BY: ELIJAH BASSETT
What do a pair of ballet shoes, deodorant, and lipstick have in common? They’re all being featured at the recently opened Museum of Transology for their significance to trans people’s personal journeys. The collection hopes to empower transgender people to have a voice in the way their history is represented by donating personal items that have personal meaning to them. The curator, E-J Scott, says this is a chance for trans people to share their stories in a time where they are generally ignored or overshadowed by a small few celebrities like Caitlyn Jenner.
Scott points out that trans people’s stories are often “spectacularized” more for the benefit of cisgender people than anyone else, and hopes that this collection, which opened at the Fashion Space Gallery in London on January 20th, can show that trans people are everyday people like the rest of us.

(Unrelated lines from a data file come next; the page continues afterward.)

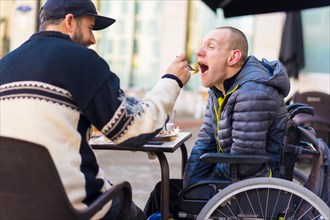 A disabled person eating with the help of a friend having fun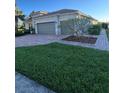 Beautiful home exterior features a lush lawn and well-maintained landscaping at 12184 Aztec Rose Ln, Orlando, FL 32827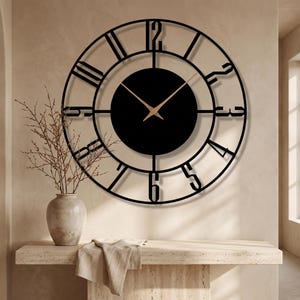 May include: A large, black metal wall clock with Roman numerals and a circular design. The clock features a black center and gold-colored hands. The clock is mounted on a beige wall, with a vase and decorative items in the foreground.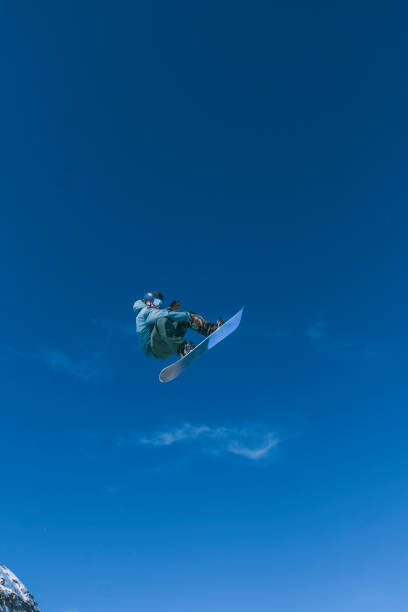 Snowboarder gets air off of jump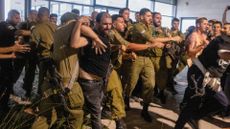 Israeli soldiers and police clash with right wing protesters, after they broke into the Bayt Lid army base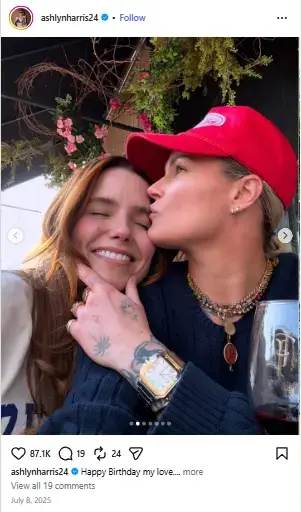 Ashlyn Harris in a red cap kissing a smiling Sophia Bush on the cheek while resting her chin in her tattooed hand.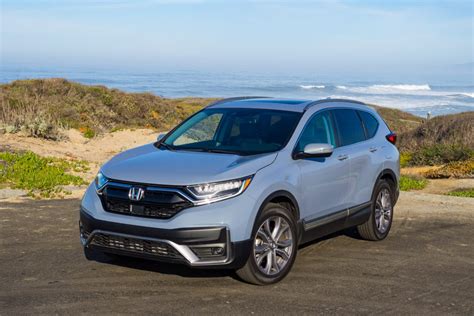 Honda cr v touring. CR-V LX vs. EX. When you take the first step up the CR-V trim ladder, you can expect big upgrades to the interior with heated seats, power driver's seat, and ... 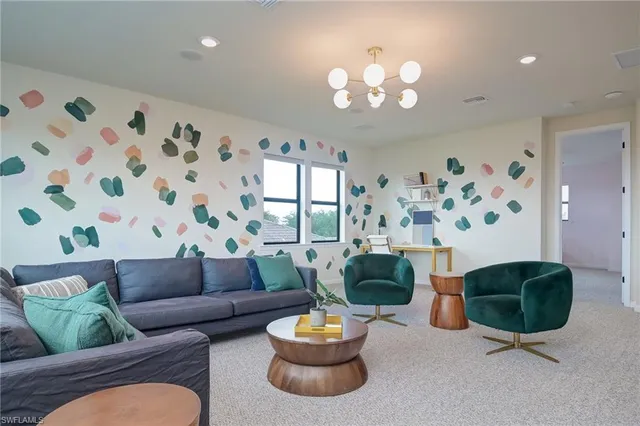a living room with furniture and a chandelier
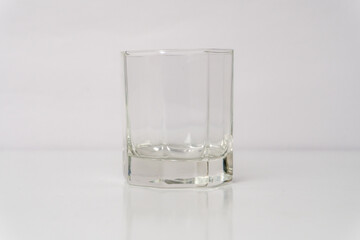 Refreshing Drink in Transparent Glass on White Background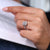 Halo diamond ring with radiant cut center and pave band.
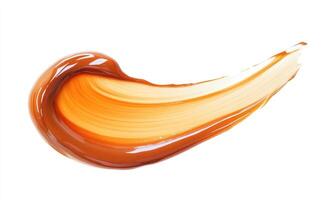 A swirl of orange liquid on a white background photo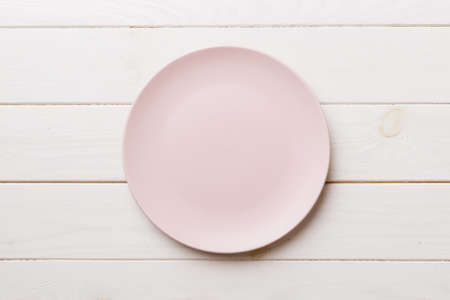 Top view of empty pink plate on wooden background. Empty space for your design.の写真素材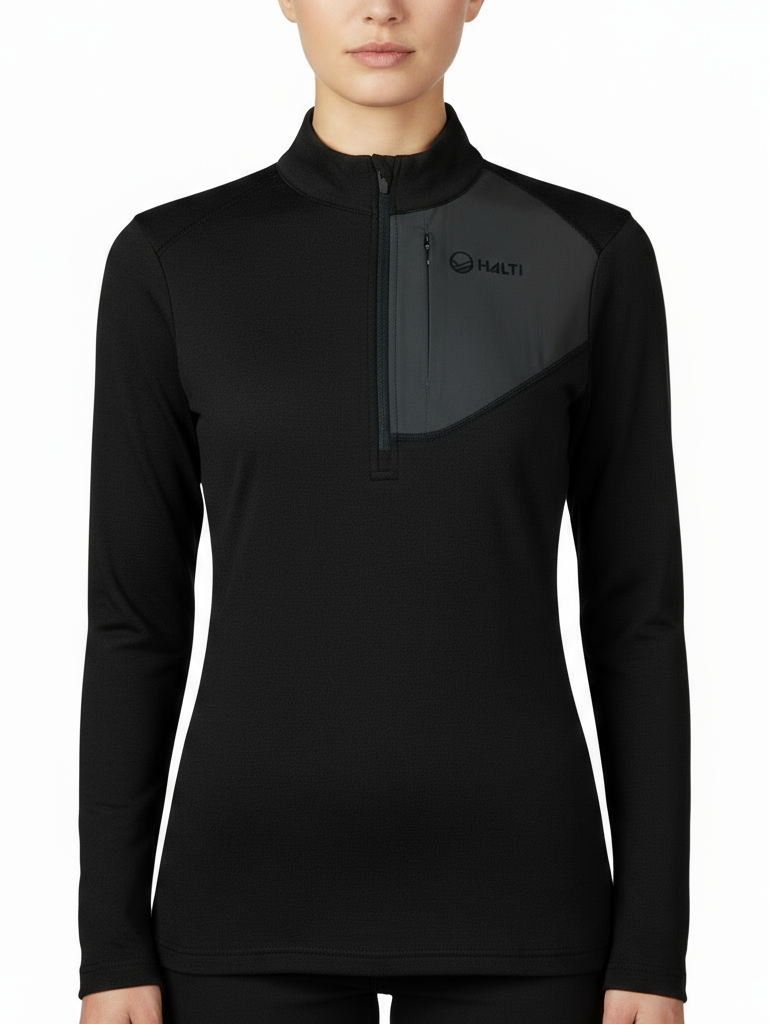 A woman in a Halti Woolforce Women's Merino Wool Shirt with zip collar and chest logo stands against a white background.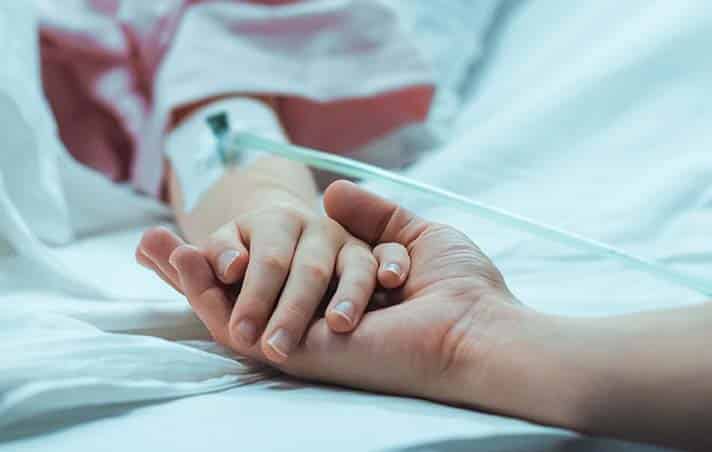 Young patient holding hand with a parent in hospital
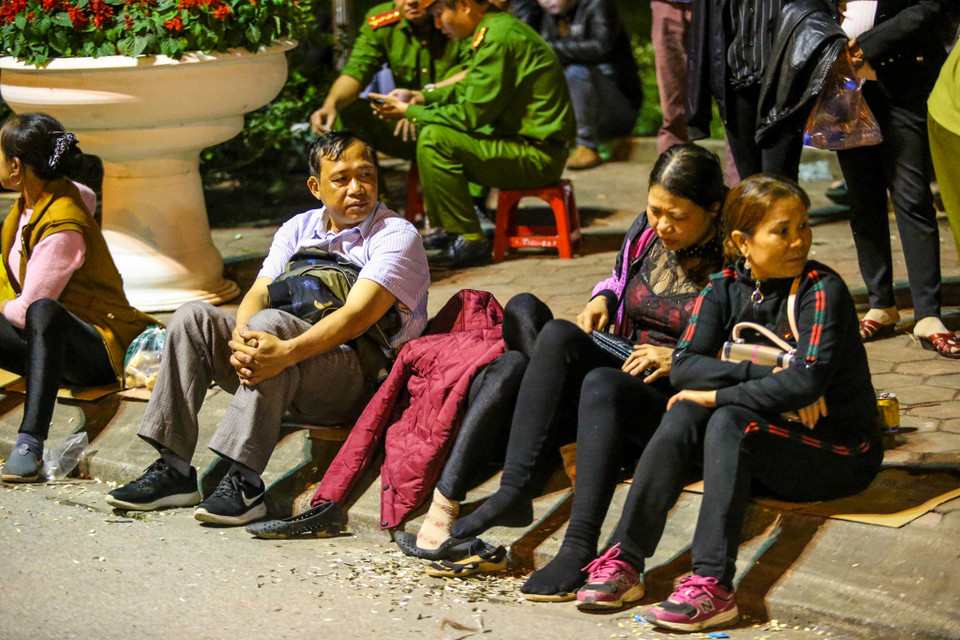 Có nhiều người vì quá mệt mỏi nên đã tranh thủ ngủ tạm ven đường, chờ tới giờ khai ấn để làm lễ. (Ảnh: PV/Vietnam+)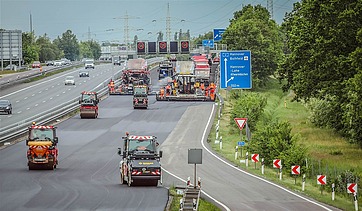 Foto einer Autobahnbaustelle mit mehreren Straßenbaumaschinen darauf, rechts ein blaues Verkehrsschild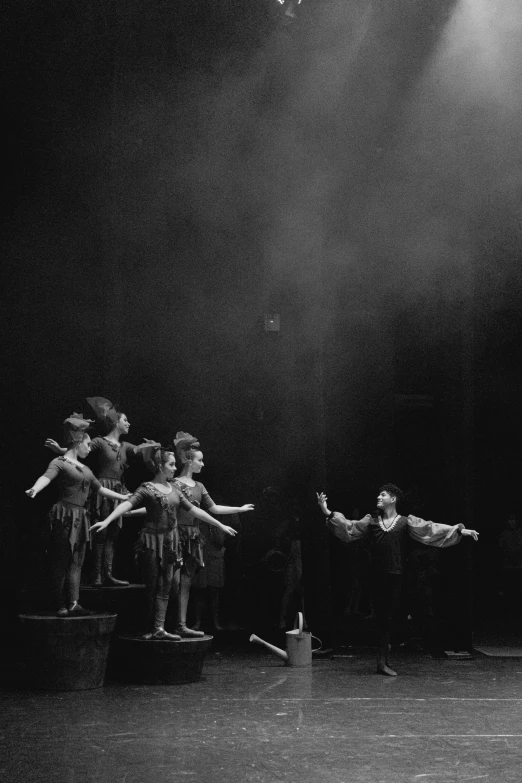 a black and white photo of a group of dancers, magical realism, theatre equipment, peter pan, 1990s photograph, [ cinematic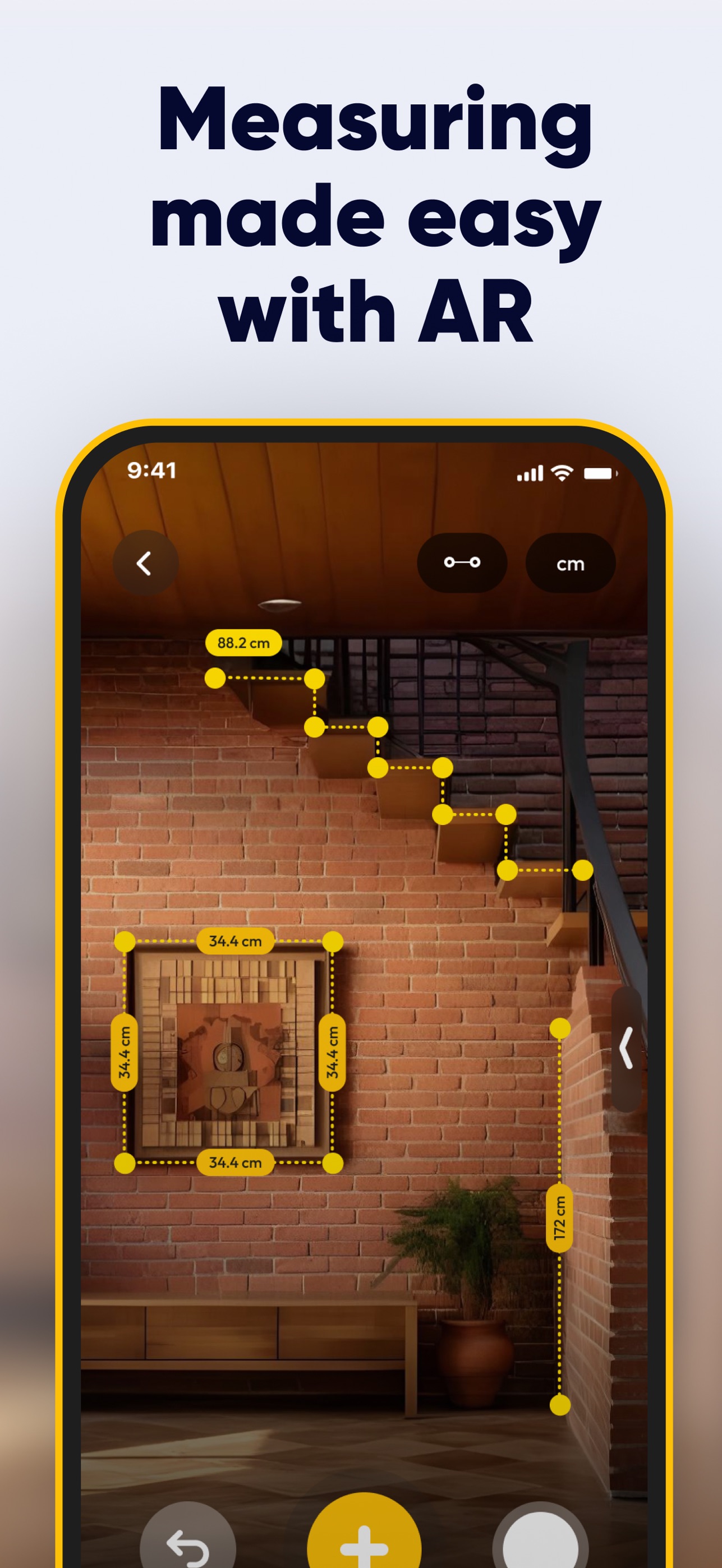 SmartRuler measuring a framed picture on a brick wall in AR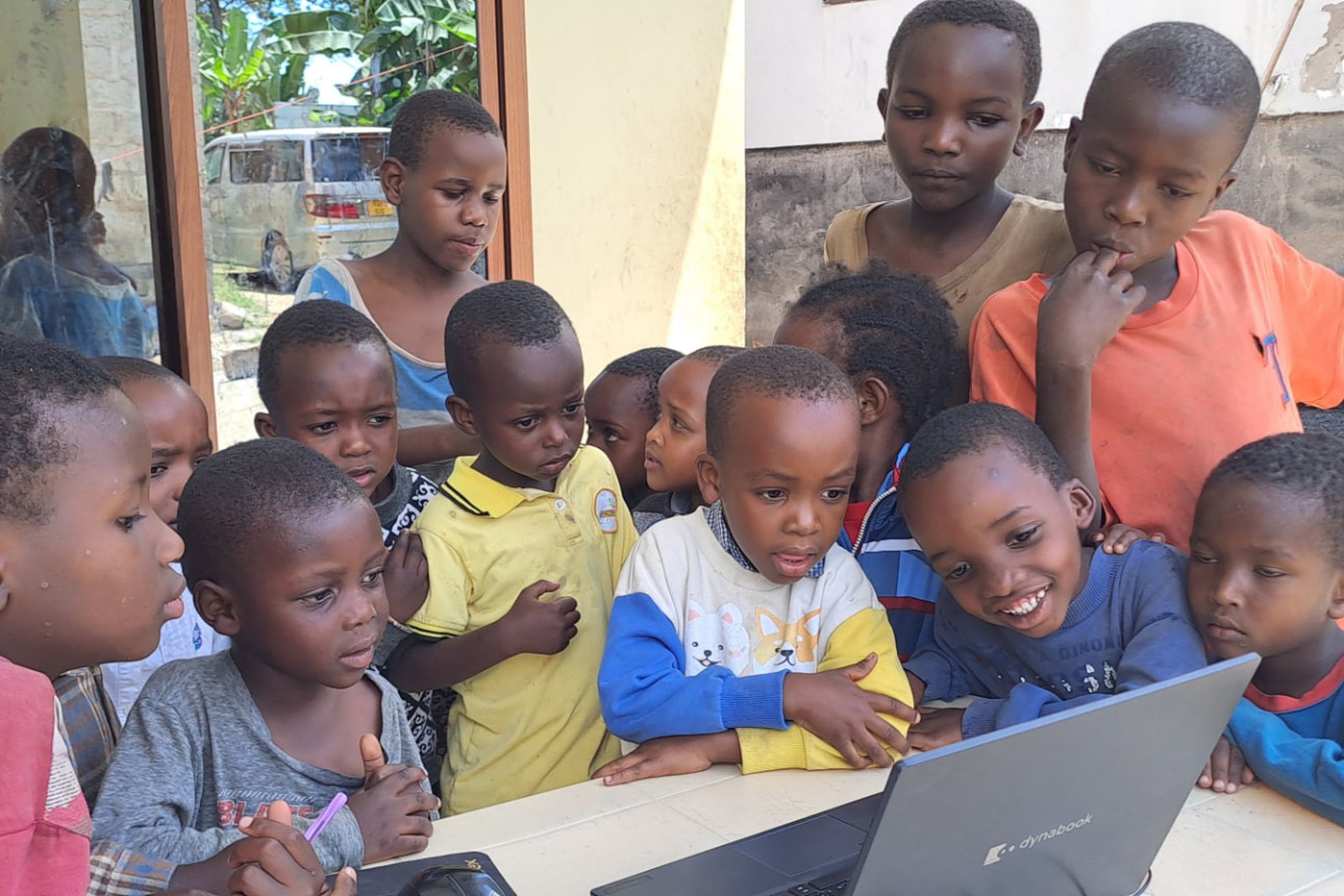 Children learning on a laptop at the Fruitful Orphanage and Day Care Center in Arusha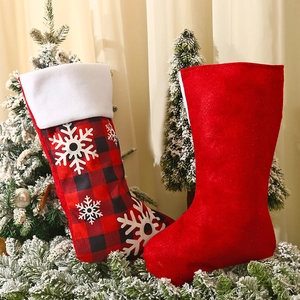 Large red and black buffalo plaid Christmas stocking with snowflakes and plush trim decoration
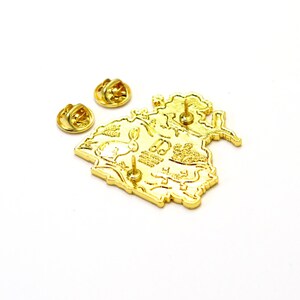 May include: Gold-tone enamel pin featuring a detailed illustration of a forest scene with a rabbit, mushrooms, and a bird. The pin has a back post and butterfly clutch.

Although we often think of history in terms of grand-scale events, wars, or revolutions, personal histories are also significant because they can humanize people on an individual and collective level. In this case, we don’t get anybody’s entire story, but the donated objects combined with the handwritten labels give a quick look into trans people’s lives and development.
The items vary from more obviously relevant objects like hormone patches, binders, and shirts with trans-related slogans, to more context-heavy ones like a ticket, a stuffed animal, or a sock. Fortunately, handwritten notes accompany most items in the exhibit and provide explanations of what the objects meant to their original owners.
The museum started out as E-J Scott’s personal collection of items related to his transition, and his decision to make it public and get items donated had to do with a realization that “trans lives are invisible in museums.” Bringing trans people’s lives into the domain of public appreciation is an important steps towards de-spectacularizing or destigmatizing them.
Because, as Scott points out, not all visibility is good. With an increase in both awareness of and violence against trans people – including a trend of legislation targeting them in America – there also needs to be an emphasis on presenting a more honest and human image of them, which is something that this collection makes a point of. On top of the political dimension of the project, the collection prompts us to think about our own stories and how material things relate to them, regardless of gender.
Although the exhibit will only be at the Fashion Space Gallery until April 22nd, the museum’s Facebook page says that it will continue on in different forms, and the photos by Katy Davies have already brought the exhibit beyond just London. As well, the nature of the project makes it easy to uniquely reproduce anywhere, so this effort to put trans people in control of their own life stories could serve to inspire more people to share their lives on their own terms. In the meantime, visitors will hopefully gain a greater appreciation of transgender people’s lives and stories, as well as their progress.